### How to complete this task
Could you restate word for word every line from the one containing "Hand drawn set" to the end of the data below, pictures excluded?

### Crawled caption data
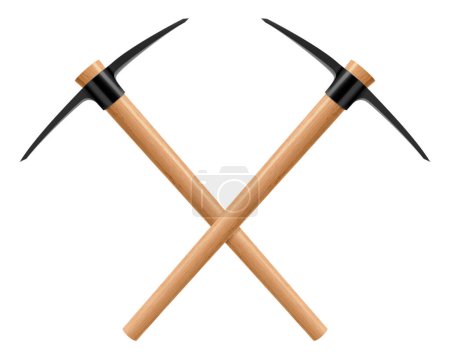 Photo for Crossed pickaxe hammers or pick axe isolated on white. Geological rock pick hammer. Hand percussion tool for master stonemasons, builders, sculptors for processing of stone. Realistic 3D vector - Royalty Free Image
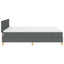 LED Box Spring Bed med hovedgærde Mørkegrå 140 x 200 cm Stof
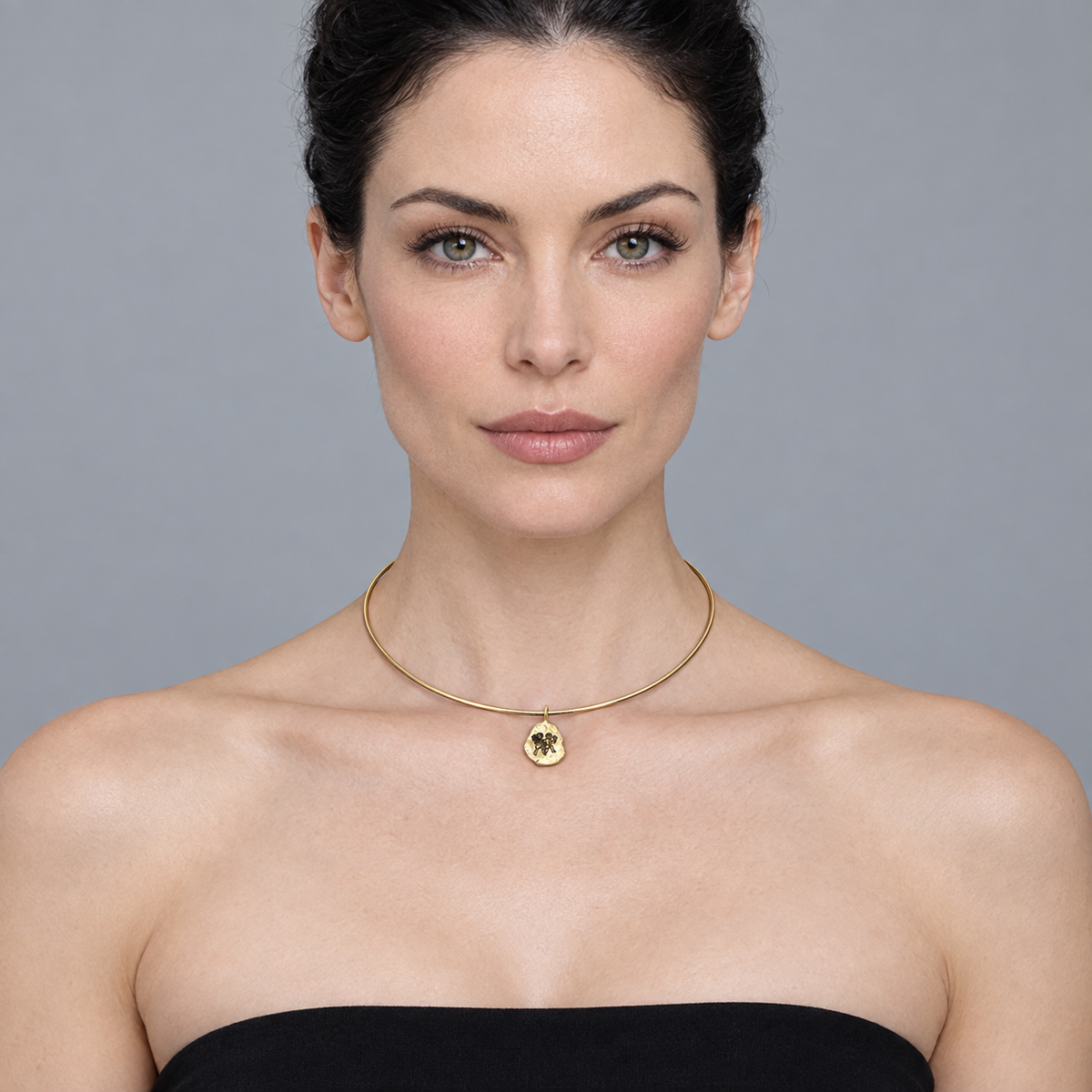 Model wearing the Lesunja Zodiac Gemini Necklace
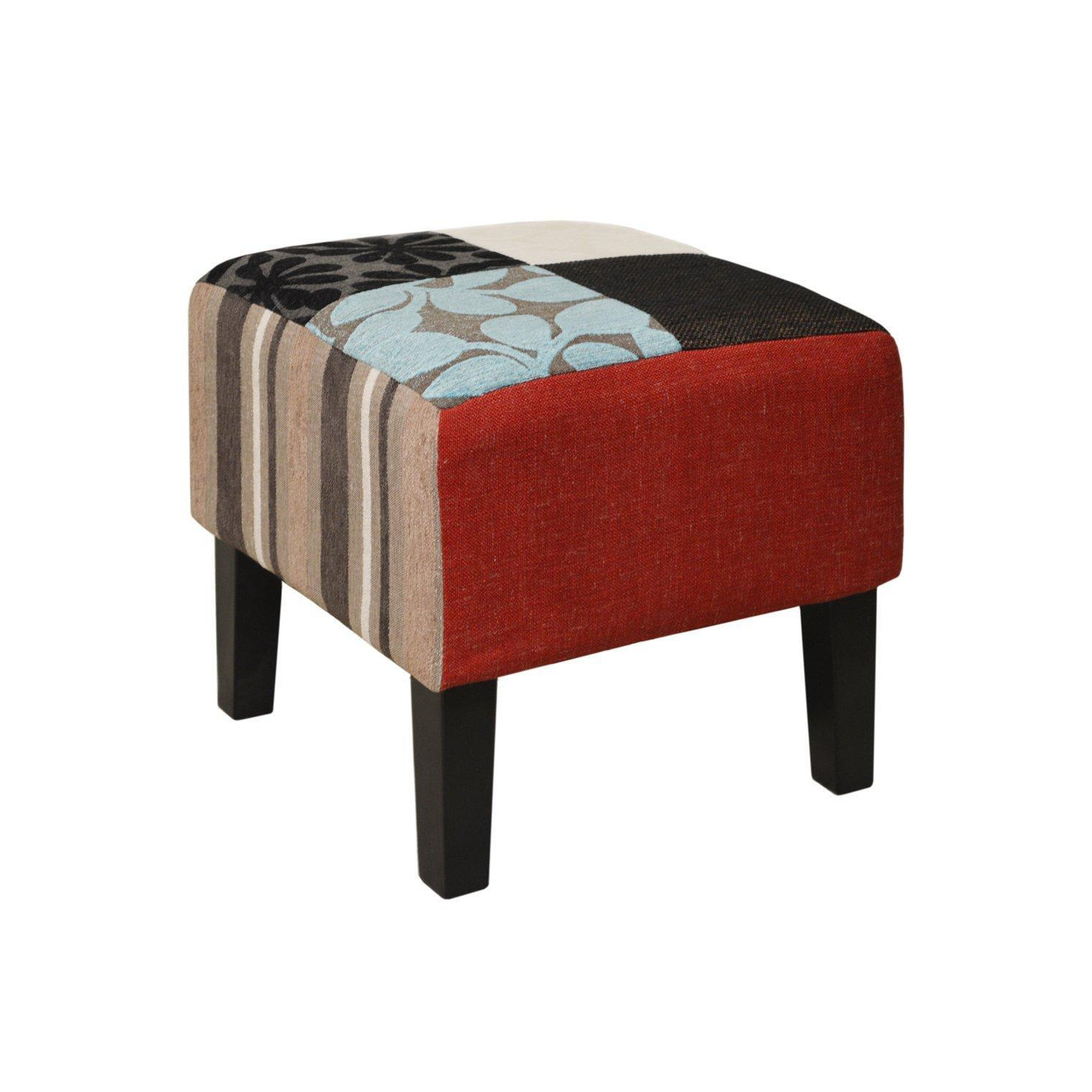 Plush Patchwork - Shabby Chic Square Pouffe Stool  Wood Legs - Blue  Green  Red - image 1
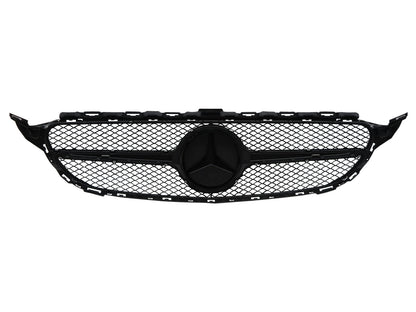 CrazyTheGod C-CLASS W205 2014-present Sedan 4D C63 Look GRILLE/GRILL CHROME/SILVER for Mercedes-Benz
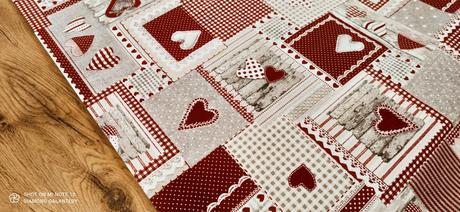 Dekoračná látka - srdiečka patchwork - cena za 10,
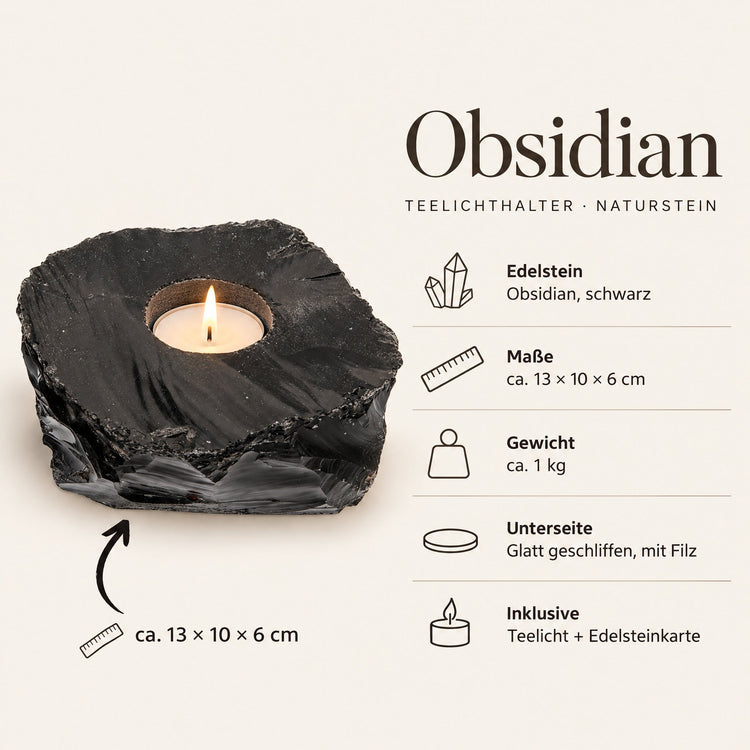 Steckbrief Obsidian Teelichthalter – ca. 13 × 10 × 6 cm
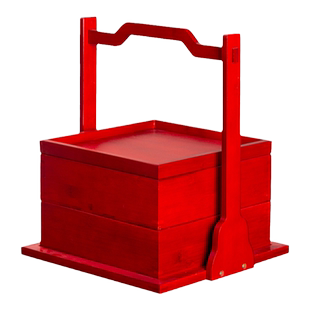 火锅店托盘民宿早餐新婚饼盒餐具点心盒意境菜酒店碟子竹制红提篮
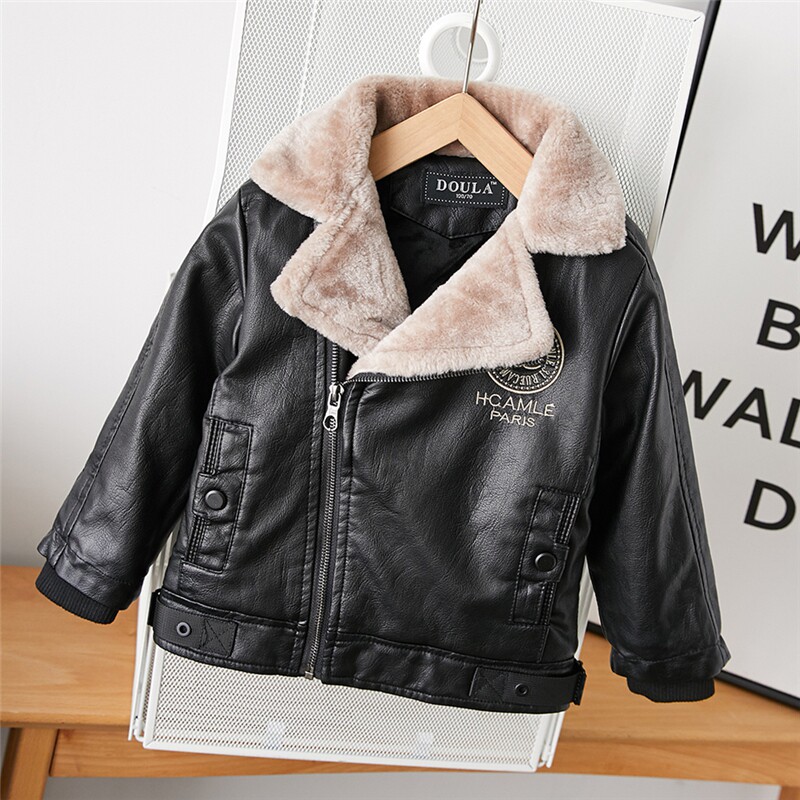 Children's Boys' Outerwear Fall/Winter 2021 New Foreign Korean Edition Children's Children's Jacket with Plush Thick Leather Jacket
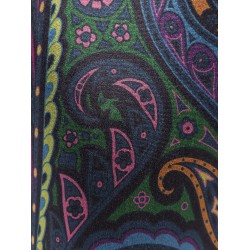 Chenille trousers with multicolor print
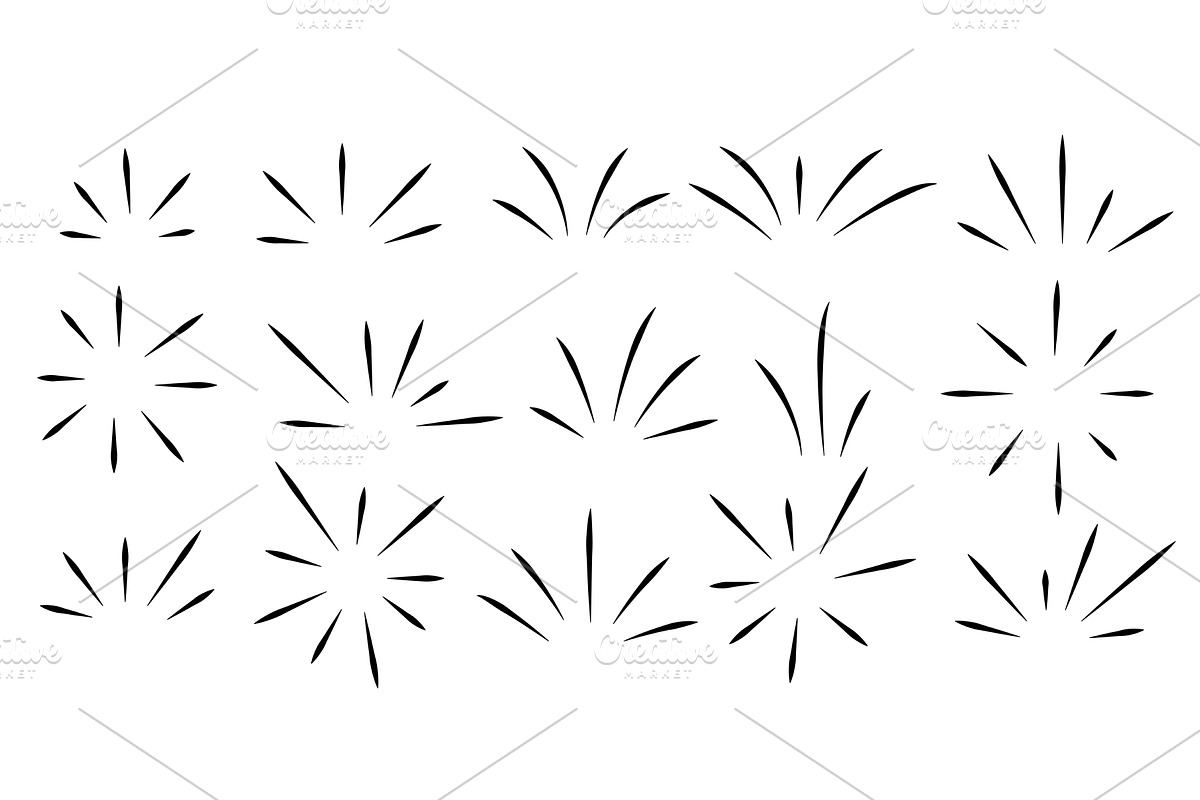 Hand drawn set of rays, flashes, an Illustration by Tati_Kli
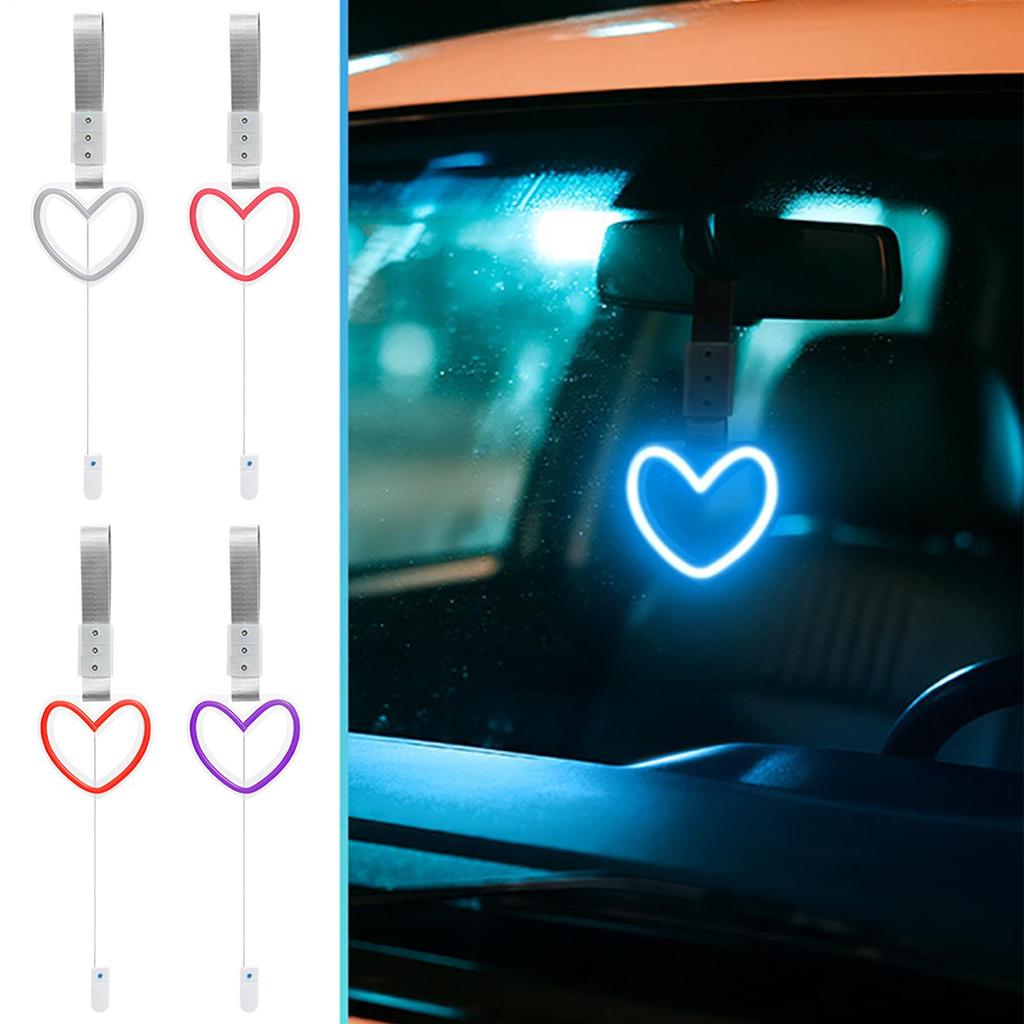LED Ambient Lighting Car Heart Shaped LED Automotive Decoration Heart-Shaped Car Handle Straps for SUV RV Sedan Truck Auto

### Written answer
 Hand drawn set of rays, flashes, an Illustration by Tati_Kli
LED Ambient Lighting Car Heart Shaped LED Automotive Decoration Heart-Shaped Car Handle Straps for SUV RV Sedan Truck Auto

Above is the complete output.